FIIs were allowed to invest in unlisted bonds with a minimum lock-in period of three years, during which they can trade amongst themselves.
Of the $25 billion limit, however, FIIs have invested only $80 million till June 30, as per the data available with the government.
With the proposed relaxation, the sources added that the infra structure bonds would become more attractive for the FIIs.
According to analysts, the relaxation may see more participation by FIIs in the infrastructure bond market.
In 3 years, the FIIs feel that their money is getting blocked. And since there is no vibrant bond market in India, they find it difficult to exit. This will be an opportunity for them to invest without their money getting blocked for long, said Jagannadham Thunuguntla, strategist and head of research at SMC Global. India is in dire need of infrastructure and is looking at private sector money to finance its infrastructure development programmes.

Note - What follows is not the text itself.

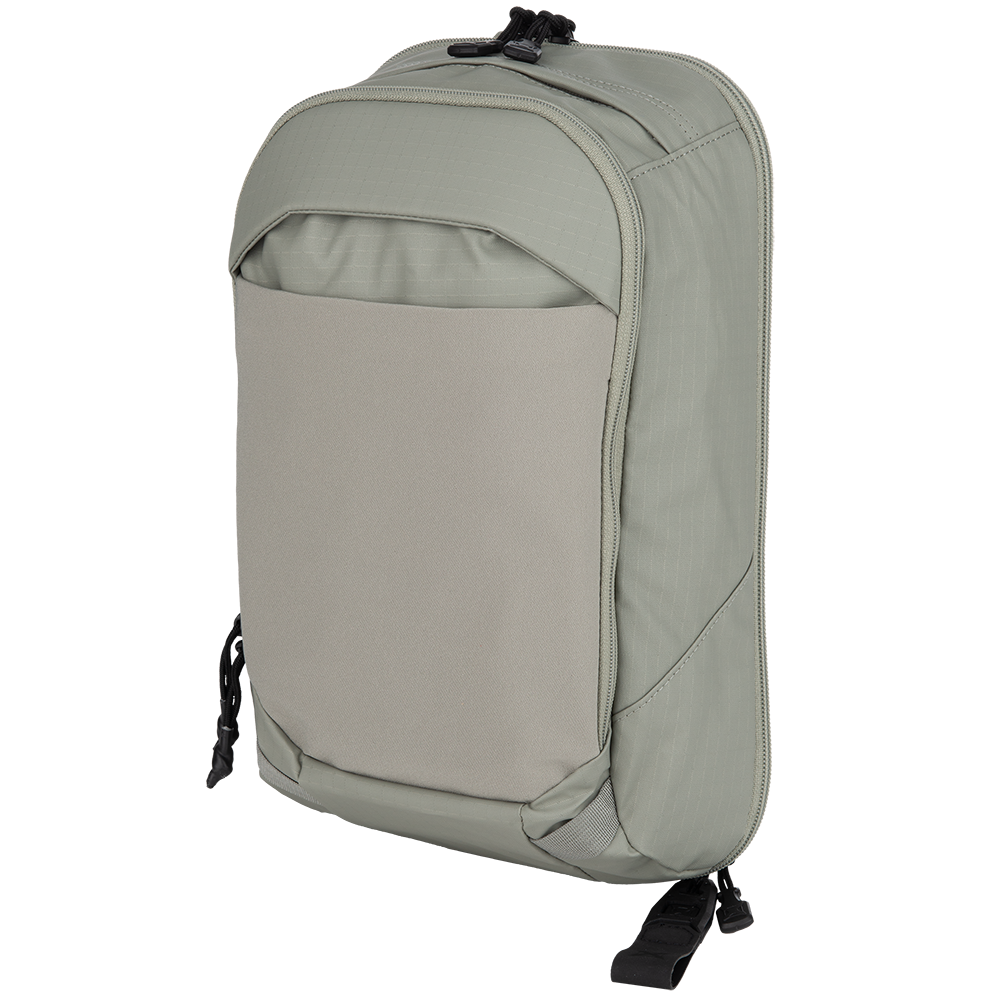 Product shot of a light sage green backpack featuring a large front pocket, adjustable straps, and subtle textured fabric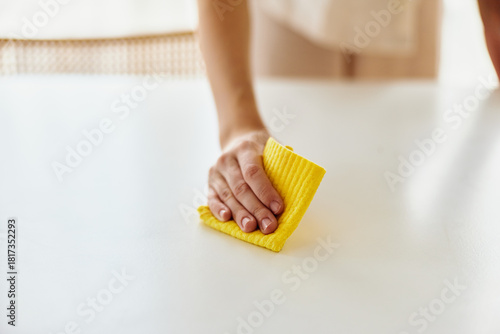Foto Cleaning hand using a yellow cloth to wipe a white table surface in home interior, closeup of person performing household chores and tidy maintenance for sanitation and care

There is a reasonable chance that with this relaxation more FIIs may invest in the infrastructure bonds, Thunuguntla said. In the Budget, the government had announced multi-pronged measures for infrastructure financing to supplement the governments budgetary allocation to the sector. For 2011-12, Rs 2,14,000 crore have been allocated to the sector, 23.3 per cent higher than the allocation in the last Budget. The budgetary allocation on infrastructure accounts for 48.5 per cent of the gross budgetary support to plan expenditure.
The government plans to invest about $1 trillion during the 12th Five Year Plan period, beginning March 2012, to fund the massive infrastructure needs of the country.